Mass spectrometry-based proteomics and static imaging are complementary approaches to define a topological map of protein expression. Proteomics approaches aim to identify the proteins that are present in a particular subcellular fraction in a high-throughput manner. The final results are dependant on the purity of the isolated fraction. Light and fluorescence microscopy can reveal probe location in tissues and cells while electron microscopy can reveal probe location at the subcellular level. Additionally, it is straightforward to analyze many tissues from both healthy and diseased states. Electron microscopy is especially important to validate mass spectrometry results. We have analyzed 100’s of antibodies to validate 50 proteins concentrated in caveolae. The small size of caveolae (approx. 70 nm in diameter) demands that electron microscopy, not light microscopy, be used to accomplish the task. The technique is referred to as immunocytochemistry. However, static imaging analyzes proteins one at a time, or at best, a few at a time and is simply too tedious to screen large number of proteins.

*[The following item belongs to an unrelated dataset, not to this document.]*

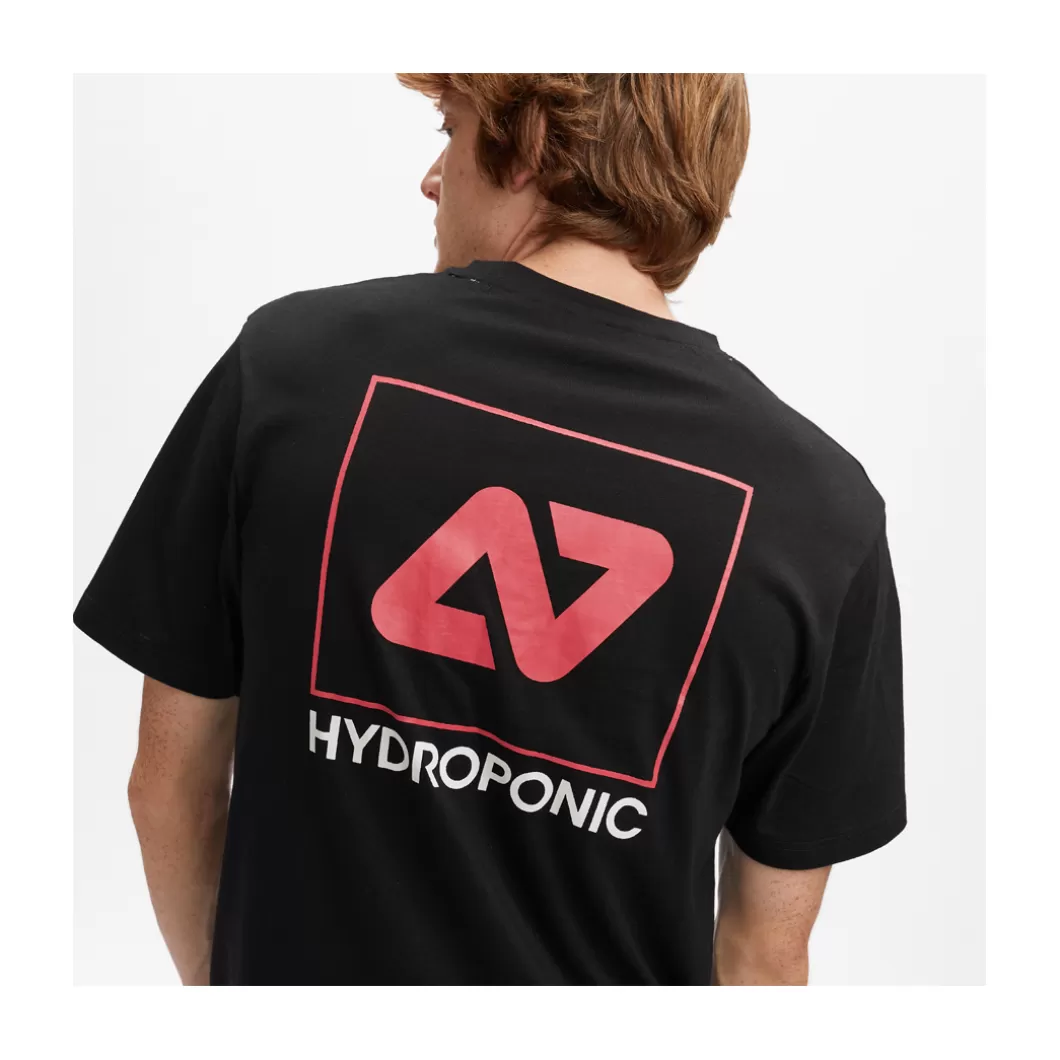 Hydroponic Camisetas>Camiseta HY CLASSIC Black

Static imaging can also be used to provide detailed “snap shots” of endothelial cell targeting and processing of intravenously injected probes. For these types of studies, tissues is excised at set times following probe injection, and the probe is localized with immunohistochemistry, immunofluorescence, and/or electron microscopy. This can provide valuable confirmation of the ability of antibody to target the endothelial cell surface, to be transcytosed across the endothelial cell barrier, and to penetrate deep into the tissue.